Une grande partie des électeurs PS ont choisi Macron. Comment expliquer l’opposition quasi-famélique face à Macron? Cette opposition se coagule sur un point: la lutte contre les diktats du Président en matière d’ordonnances et la volonté de celui-ci de faire émerger un libéralisme systématique en France. La France, malgré sa transformation, reste malgré tout un pays dans lequel l’État providence (mal en point), l’intérêt général et la passion pour l’égalité demeurent des vecteurs importants.

La droite LR oppose des arguments faibles à Macron. Marine Le Pen ne souhaite pas la grève pour ne pas handicaper les usagers/clients de la SNCF, mais estime que la méthode utilisée par Macron est inacceptable politiquement. La France insoumise est contre la réforme, même si elle estime qu’il faut des inflexions. Le PS de Olivier Faure ne dit pas grand-chose car c’est sous Hollande que les modifications importantes concernant les débats sur l’ouverture du capital de la SNCF ont démarré.

A droite comme à gauche, on a toujours souhaité modifier l’organisation de la SNCF mais, par manque de courage politique, la plupart des gouvernements ont échoué (Chirac en 1995, Sarkozy a amorcé quelques réformes au cours de son mandat). Il y a une boulimie réformatrice chez le Président Macron. Doit-il accélérer ou ralentir les réformes ? Il pense que non.

Faut-il craindre une coagulation des mouvements sociaux?

La SNCF retient l’attention des Français mais d’autres mouvements sociaux sont en train d’émerger. A l’Université des mouvements de blocage apparaissent, les étudiants refusent les conséquences de parcours sup qui se traduisent par une désorganisation de la gestion des néo bacheliers.
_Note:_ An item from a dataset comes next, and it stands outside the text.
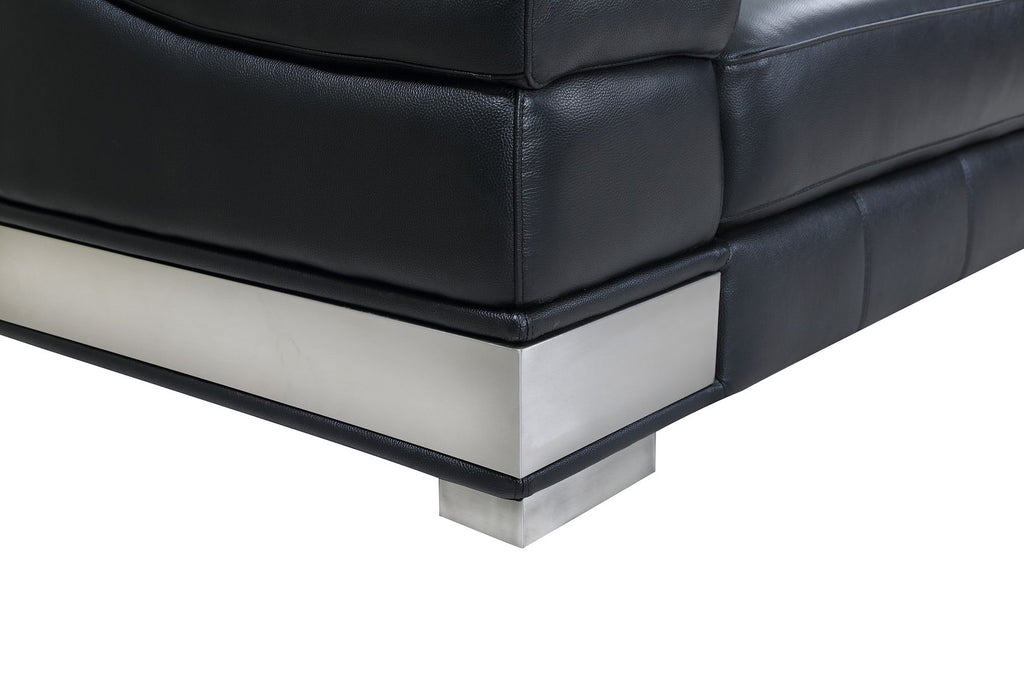 415 Divanitalia 3-Piece Sofa Set with Adjustable Headrest in Top-grain Italian Leather - Black - SKU 415- BLACK 3PC (S/L/CH) - GROUP - view 11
Ces mêmes étudiants refusent, au nom de l’égalité, la sélection pour entrer à l’Université, une Université qui ploie sous l’absence des financements adéquats depuis les réformes entreprises par Valérie Pécresse quand elle fut en charge de l’Enseignement supérieur. Dans les EPHAD les sous-effectifs et le burn-out dont sont victimes les salariés constituent des signes de révolte éventuelle. Les éboueurs contestent aussi leurs conditions de travail et de rémunération et menacent de faire une grève durable. Tous ces mouvements sont-ils coagulables? A court-terme, la réponse est non et le Président Macron peut tranquillement dormir sur ses deux oreilles. Qu’en sera-t-il si la grève perlée de la SNCF dure?

Qu’en sera-t-il si une partie de l’opinion qui fait confiance à Macron se désolidarise de lui? La France n’a pas à craindre un mai 68 qui n’arrivera jamais en Mai 2018 car les idéologies sont mortes. La société française est devenue fortement individualiste et assez paradoxalement communautariste par certains aspects. Les conditions de coagulation des mouvements sociaux ne sont pas réunies, Néanmoins, le gouvernement devra traiter au fond la question de la dette de la SNCF avant son ouverture de capital. Voilà le véritable problème.